*WORK INSTRUCTION*
Beginning with the line that contains "Hey guys, welcome", retype the entries below exactly, ending with the line that contains "In this case". Leave out any pictures.

*INPUT RECORDS*
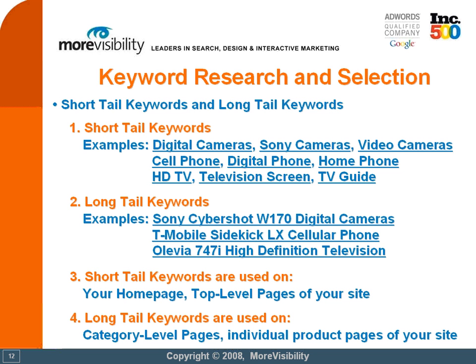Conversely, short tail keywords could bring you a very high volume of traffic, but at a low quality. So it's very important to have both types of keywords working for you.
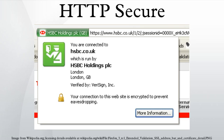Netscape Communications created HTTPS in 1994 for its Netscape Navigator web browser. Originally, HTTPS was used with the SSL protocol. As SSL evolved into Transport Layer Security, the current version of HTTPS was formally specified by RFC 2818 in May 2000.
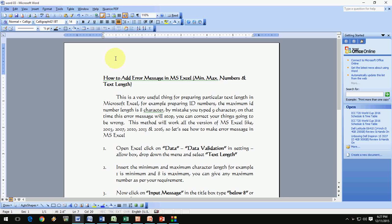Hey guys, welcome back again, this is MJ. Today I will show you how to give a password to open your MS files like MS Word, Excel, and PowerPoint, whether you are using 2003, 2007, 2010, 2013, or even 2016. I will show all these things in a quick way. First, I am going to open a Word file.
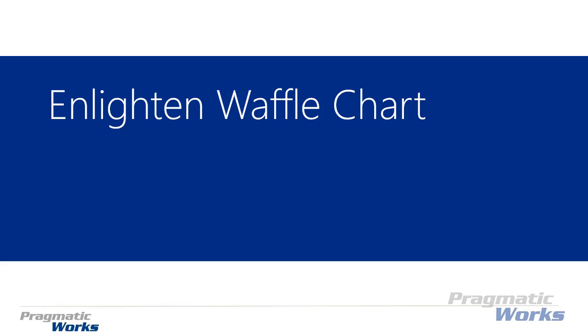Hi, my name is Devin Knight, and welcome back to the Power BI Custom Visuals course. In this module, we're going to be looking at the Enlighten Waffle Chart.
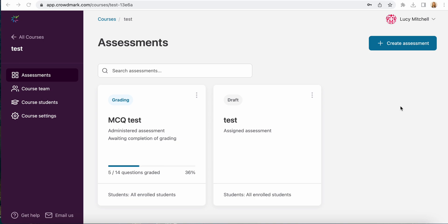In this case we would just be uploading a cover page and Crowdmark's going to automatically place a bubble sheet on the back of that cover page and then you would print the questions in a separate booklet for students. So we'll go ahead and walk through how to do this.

...

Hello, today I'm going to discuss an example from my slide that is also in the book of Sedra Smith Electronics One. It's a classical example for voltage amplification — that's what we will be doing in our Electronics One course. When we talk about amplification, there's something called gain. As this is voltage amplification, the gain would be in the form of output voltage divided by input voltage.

--

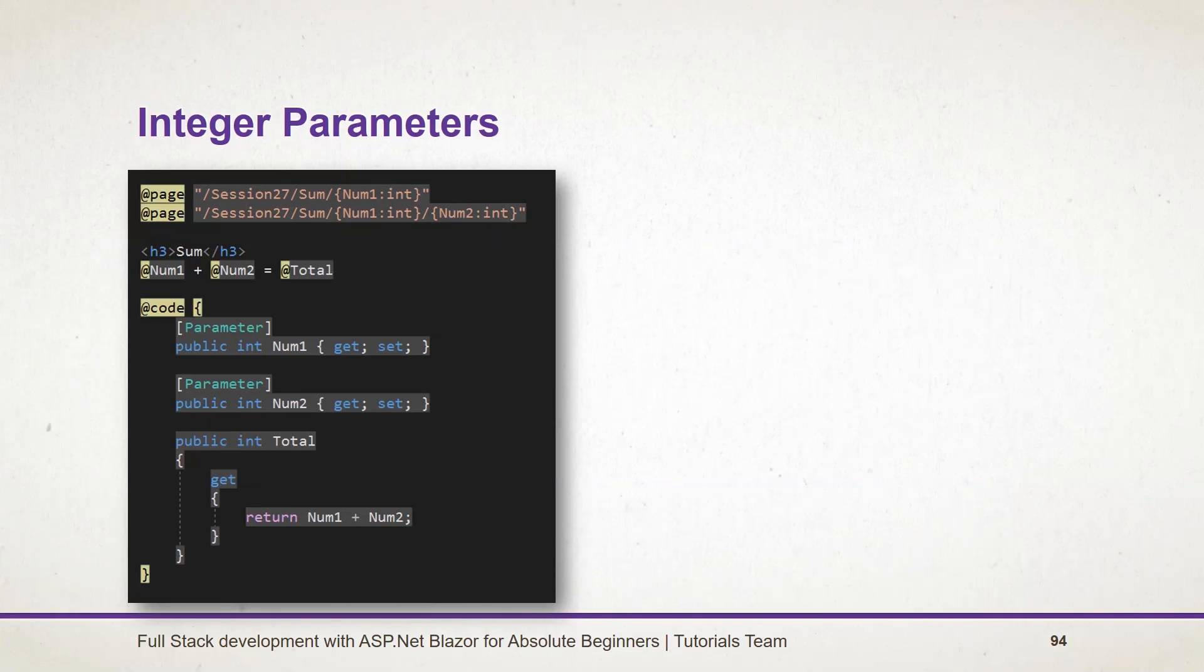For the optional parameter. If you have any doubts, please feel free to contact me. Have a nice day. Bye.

*TASK RESPONSE*
Hey guys, welcome back again, this is MJ. Today I will show you how to give a password to open your MS files like MS Word, Excel, and PowerPoint, whether you are using 2003, 2007, 2010, 2013, or even 2016. I will show all these things in a quick way. First, I am going to open a Word file.
Hi, my name is Devin Knight, and welcome back to the Power BI Custom Visuals course. In this module, we're going to be looking at the Enlighten Waffle Chart.
In this case we would just be uploading a cover page and Crowdmark's going to automatically place a bubble sheet on the back of that cover page and then you would print the questions in a separate booklet for students. So we'll go ahead and walk through how to do this.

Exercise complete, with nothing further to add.